Human Interest

Three decades after abandoned newborn’s death, community continues to remember her

Earlier this month, residents of Tyrone, Pennsylvania, and the surrounding area held the 33rd Annual Respect for Life March. The event is a time of prayer for the respect of all human life and a commemoration of Baby Agnes Doe.

In 1987, the Pennsylvania community was stunned when a dog discovered the decomposing body of a newborn girl in a wooded area near Bellewood, Pennsylvania. After an extensive investigation that did not yield any information about the baby’s identity, the body was given to a local chapter of the Knights of Columbus. The group named the baby Agnes after St. Agnes, the patron saint of little girls, and organized a funeral and burial. The group has organized the annual march every year since.

The march begins with prayer at St. Matthew’s Church in Tyrone and participants then walk about a mile from the church to Oak Grove Cemetery to the grave of Baby Agnes. “This is not symbolic. This was a child. This was a fellow Pennsylvanian whose life was taken from us at about 5 days of age,” Peter Kreckel, director of Respect for Life, told WJAC. “We’re all defenseless at a point in our life, and we need to see the need to respect life at all the stages, and that’s what baby Agnes does.”

 

A fact sheet about Baby Agnes and her legacy states that the march draws around 150 people each year. News reports from 2017 indicate that hundreds participated to mark the 30th anniversary of Baby Agnes’s death.

The event is not political, and marchers only carry signs promoting respect for human life at all stages. Bill Stadtmiller, a marcher in 2017, explained, “We’re not making it our job to change laws, but we can change how people feel about it and change hearts.”

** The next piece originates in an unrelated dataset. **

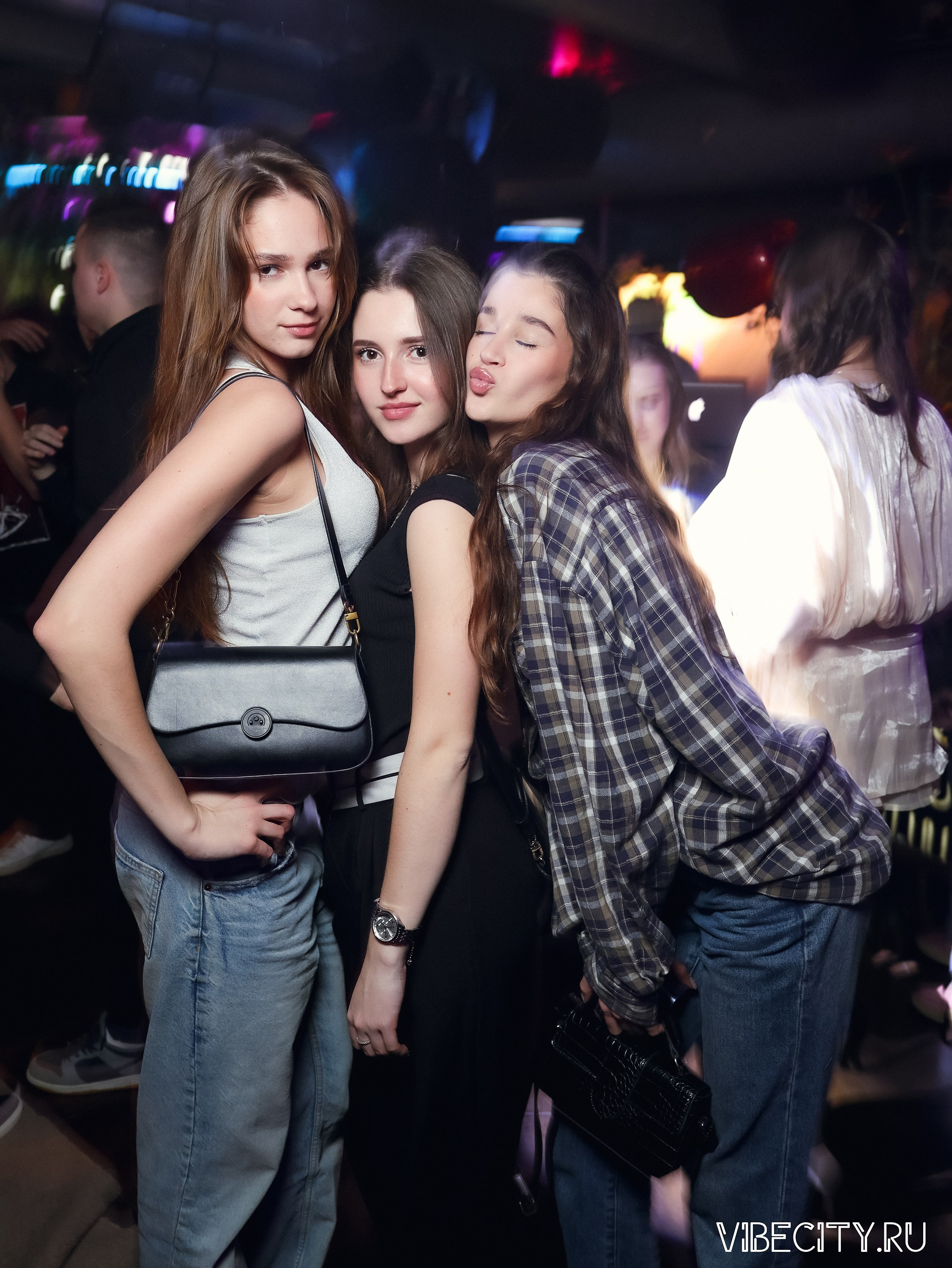 DOUBLE U. VIBECITY.RU Вайб Сити Ру Фоторепортажи Фотоотчеты Калининград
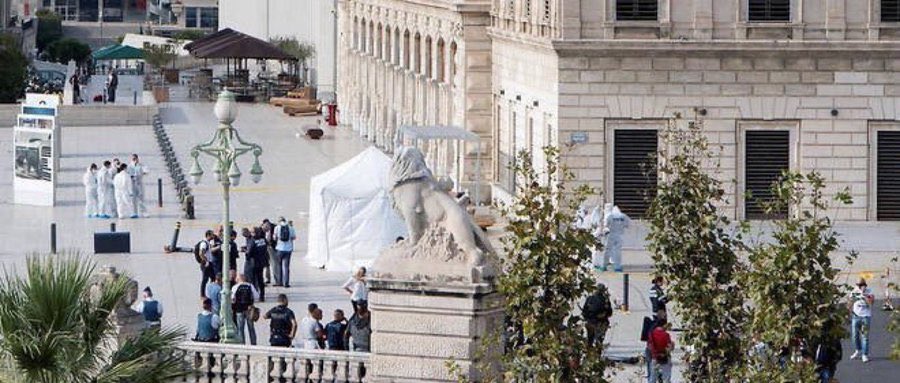 JcBrisard's tweet photo. Il y a 9 ans, le 1er octobre 2017, Laura et Mauranne étaient assassinées par un terroriste islamiste à la gare Saint-Charles de #Marseille. L’attentat était revendiqué par l’#EI #NeverForget https://t.co/LTrScl8iE0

Despite her brief life, Baby Agnes has had a profound effect on her community. “I hope that one day that we can all say we’ve made half the impact that she’s made on the community,” Gretchen Garofoli told WJAC.

Like Baby Agnes, many newborns continue to be abandoned in rural areas. Safe Haven laws have been enacted in all 50 states to encourage parents in desperate situations to safely surrender newborns to authorities without facing penalties. Stories like Baby Agnes’s show the immeasurable value of every human life and the loss to every community when even one precious life is lost.